### DATA TO USE
--- START ---
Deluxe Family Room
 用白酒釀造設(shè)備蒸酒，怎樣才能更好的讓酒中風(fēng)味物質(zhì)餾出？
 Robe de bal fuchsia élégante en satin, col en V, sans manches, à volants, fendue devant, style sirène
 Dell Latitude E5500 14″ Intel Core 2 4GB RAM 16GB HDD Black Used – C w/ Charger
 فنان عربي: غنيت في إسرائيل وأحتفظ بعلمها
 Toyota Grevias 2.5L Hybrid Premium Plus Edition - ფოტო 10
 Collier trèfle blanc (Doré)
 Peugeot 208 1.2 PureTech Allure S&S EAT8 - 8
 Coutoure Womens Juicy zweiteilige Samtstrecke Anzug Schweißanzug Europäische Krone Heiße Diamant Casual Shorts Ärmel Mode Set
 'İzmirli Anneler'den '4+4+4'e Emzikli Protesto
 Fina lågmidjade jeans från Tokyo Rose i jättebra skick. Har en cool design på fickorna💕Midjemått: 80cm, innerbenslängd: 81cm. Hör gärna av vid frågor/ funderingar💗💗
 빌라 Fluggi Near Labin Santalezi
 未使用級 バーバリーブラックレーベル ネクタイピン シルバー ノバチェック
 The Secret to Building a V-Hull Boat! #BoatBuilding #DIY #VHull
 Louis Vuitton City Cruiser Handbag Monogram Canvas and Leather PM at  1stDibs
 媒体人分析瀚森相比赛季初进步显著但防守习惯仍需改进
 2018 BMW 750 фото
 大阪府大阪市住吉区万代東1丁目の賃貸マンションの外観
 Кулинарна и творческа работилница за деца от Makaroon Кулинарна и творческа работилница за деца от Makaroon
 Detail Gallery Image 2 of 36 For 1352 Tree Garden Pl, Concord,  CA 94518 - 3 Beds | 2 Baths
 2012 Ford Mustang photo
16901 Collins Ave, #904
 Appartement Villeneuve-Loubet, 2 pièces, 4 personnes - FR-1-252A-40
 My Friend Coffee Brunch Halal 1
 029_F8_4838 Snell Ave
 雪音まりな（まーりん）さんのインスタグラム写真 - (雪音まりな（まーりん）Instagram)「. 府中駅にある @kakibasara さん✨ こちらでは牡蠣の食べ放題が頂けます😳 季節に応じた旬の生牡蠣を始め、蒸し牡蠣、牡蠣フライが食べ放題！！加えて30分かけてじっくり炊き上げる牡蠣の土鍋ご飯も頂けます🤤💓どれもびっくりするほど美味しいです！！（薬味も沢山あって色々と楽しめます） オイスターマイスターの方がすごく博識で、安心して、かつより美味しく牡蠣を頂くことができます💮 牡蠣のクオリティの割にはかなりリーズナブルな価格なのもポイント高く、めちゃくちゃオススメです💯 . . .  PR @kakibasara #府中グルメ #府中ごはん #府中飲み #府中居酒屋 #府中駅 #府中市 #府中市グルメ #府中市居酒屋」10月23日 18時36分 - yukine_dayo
--- END ---
### PROBLEM TO SOLVE
"16901 Collins Ave, #904" marks the first line to print; reproduce that line and every line after it through the end of the listing above.

### EXPECTED OUTPUT
16901 Collins Ave, #904
 Appartement Villeneuve-Loubet, 2 pièces, 4 personnes - FR-1-252A-40
 My Friend Coffee Brunch Halal 1
 029_F8_4838 Snell Ave
 雪音まりな（まーりん）さんのインスタグラム写真 - (雪音まりな（まーりん）Instagram)「. 府中駅にある @kakibasara さん✨ こちらでは牡蠣の食べ放題が頂けます😳 季節に応じた旬の生牡蠣を始め、蒸し牡蠣、牡蠣フライが食べ放題！！加えて30分かけてじっくり炊き上げる牡蠣の土鍋ご飯も頂けます🤤💓どれもびっくりするほど美味しいです！！（薬味も沢山あって色々と楽しめます） オイスターマイスターの方がすごく博識で、安心して、かつより美味しく牡蠣を頂くことができます💮 牡蠣のクオリティの割にはかなりリーズナブルな価格なのもポイント高く、めちゃくちゃオススメです💯 . . .  PR @kakibasara #府中グルメ #府中ごはん #府中飲み #府中居酒屋 #府中駅 #府中市 #府中市グルメ #府中市居酒屋」10月23日 18時36分 - yukine_dayo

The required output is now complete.